Les Mikesell les at futuresource.com
Fri Feb 25 03:08:55 UTC 2005

On Thu, 2005-02-24 at 20:04, Debbie Schiel wrote:

> I know that 61.9.218.xxx is our static IP
> (PS - I don't know how sensitive this info is - if at all - which is why I've
> replaced the last digits)

If you publish the dns name, anyone can find it anyway.  That's the
other step with the ISP - you should have arranged for them to handle
your DNS and set up some domain name for this address.   Or if you
are part of a larger organization (qld.edu.au)? you might get a hostname
in their domain.

> Under NAT:
> Default server address is
> (Is this what I need to change? I don't know where/what is.)

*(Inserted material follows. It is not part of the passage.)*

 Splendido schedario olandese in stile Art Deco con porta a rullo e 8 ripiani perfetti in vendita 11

This should be the eth1 address of your server.  Any new inbound
connections should be forwarded to this address and you want them
to go to the server.  It doesn't matter whether you change the
value on the router or the server, just so they match.  Note that your
one public IP address belongs to the router itself, not the server.

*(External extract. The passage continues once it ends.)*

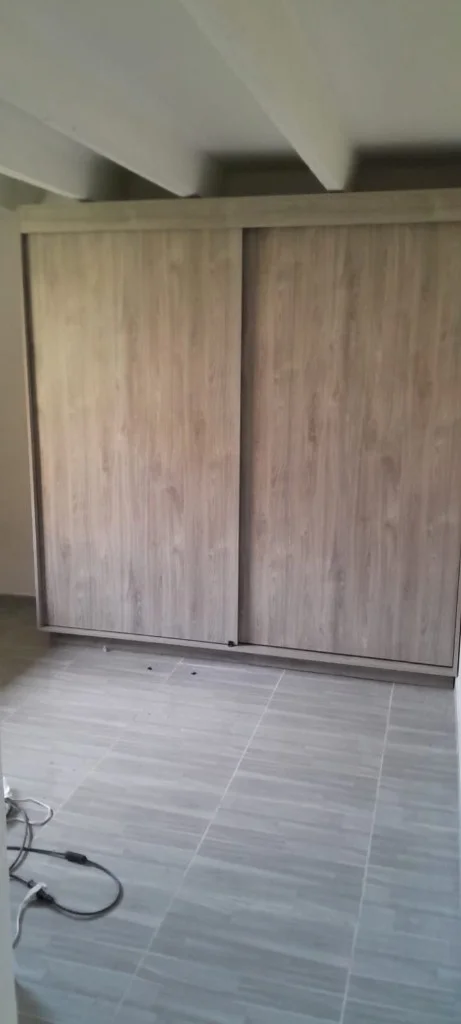 Ropero gris puertas corredizas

> TERMINAL & FILE SERVER & INTRANET --------------------------
> K12ltsp box @ used as file server (thanks to samba) & thin client
> server & apache server (Our Intranet)
> Now as for changing settings etc... If that needs to be done on either of the
> k12 boxes I use webmin, or follow step by step instructions on command prompt.
> I couldn't find a port forwarding section on the router's GUI. Went to webmin's
> networking section and am not sure what to do here either (if anything).

Your gif shows 2 NICs on the server but not the 2nd IP address.  I hope
you are using the default on the inside.
> Yes, you're working with a dumb-nut, but a persistent one who has solved techie
> problems in the past and is sure she'll get this one figured out too. With some
> (understatement) help of course...

There are 2 more slightly odd things to deal with.  If you only have one
web site on the machine you can let http bind to port 80 on all
interfaces and respond the same regardless of the name in the URL.  This
is the default setup and the easiest to use.  However, if you need more
than one you'll need to use named virtual hosts to identify them and
have all the names point to the same IP address in DNS.  The other thing
is that many routers will only perform the inbound NAT translation on
connections that come from outside.  That is, if your k12ltsp server or
clients on the inside network resolve the site name to the public
address and send the packet to the router, it probably won't NAT it back
the same way as if it came from the outside.  That means you either have
to use a different name internally (and be careful not to use absolute
references in links, which is a good idea anyway) or arrange for DNS to
return a different IP internally than the rest of the world sees.